In general, I'm not a big fan of summer. I don't like high temperatures or humid days, and I usually just wish we could hurry along to fall. But I love stone fruit. Peaches, nectarines, cherries, plums, you name it. I love to bake with them, make them into jams, can them, and just eat them. This cake, with slices of ripe plum sauteed and then arranged over a dense, rich batter made with ground almonds, is one of my favorite summer fruit desserts.






I found the recipe in an old issue of Cook's Illustrated--July & August 2007, to be exact. I don't know why I didn't try it at the time, but now that I have tried it, I'll definitely be making it again!

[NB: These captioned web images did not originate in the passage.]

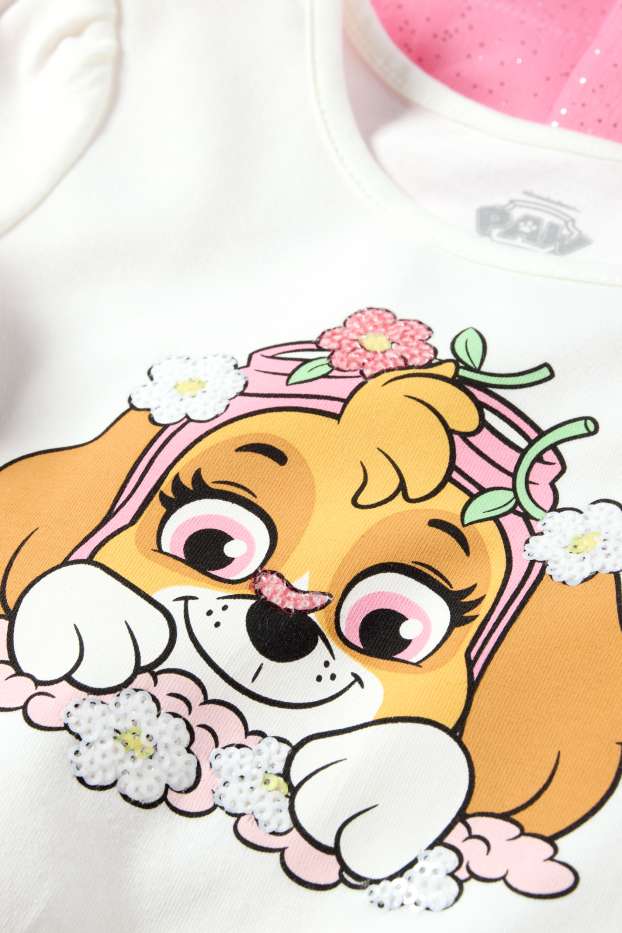 Děti - dívky - Tlapková patrola - Skye - souprava - šaty a taška - 2dílná - bílá/růžová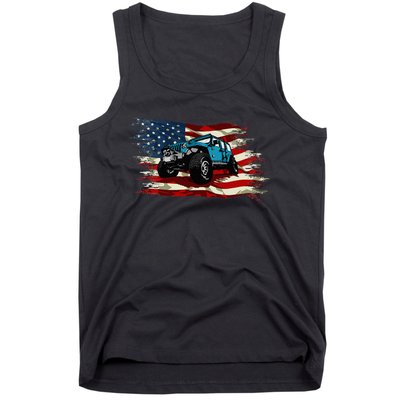 American Flag Off Roading Off Road 4x4 Mudding Tank Top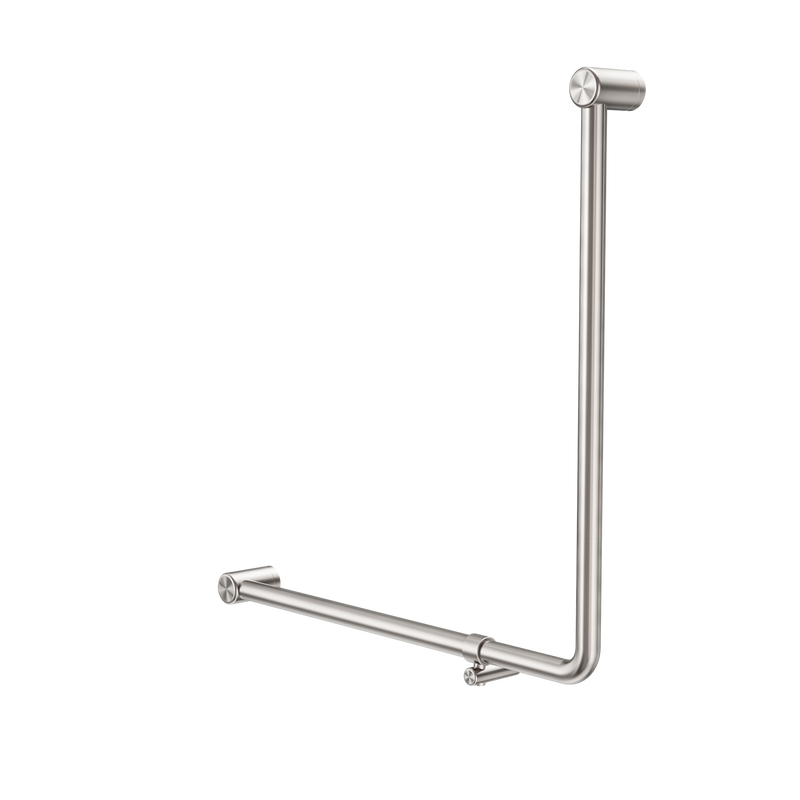 Mecca Care 32mm 90 Degree NZ4121 Accessible Toilet Grab Rail 750X750mm Brushed Nickel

1 pound plums, pitted and halved (if quite small), quartered (if larger), or cut in eighths (if very large!)
2 tbs red currant or seedless raspberry jam
3 tbs brandy or water
1/3 cup slivered almonds
3/4 cup sugar
3/4 cup flour
1/2 tsp baking powder
1/4 tsp salt
6 tbs unsalted butter, softened but still cool
1 large egg plus one yolk
1 tsp vanilla
1/4 tsp almond extract (optional, but I recommend it!)

Heat oven to 350.
Cook jam and brandy/water in a skillet until reduced to a thick syrup (only takes a minute or two). Place plums cut-side down in syrup and cook over medium heat until plums release their juices and a thick syrup is formed again. Let cool.
Process sugar and almonds in a food processor until finely ground. Add remaining dry ingredients and pulse to combine. Add butter and pulse until mixture resembles coarse sand. Add eggs, vanilla, and almond extract; process until smooth. Don't be afraid if the batter seems really thick and heavy--it's supposed to be like that.
Spread batter in a greased and floured springform pan. It may be difficult to spread, but that's okay. Stir plums to get them all coated with syrup, then arrange them over the top of the batter. (If you can fit all the plums on your cake, or if you have extra syrup left over at the end, I can attest that the plums and/or the syrup will be very good on vanilla ice cream.)
Bake at 350 until gold brown, approximately 50 minutes. Dust with confectioner's sugar and serve!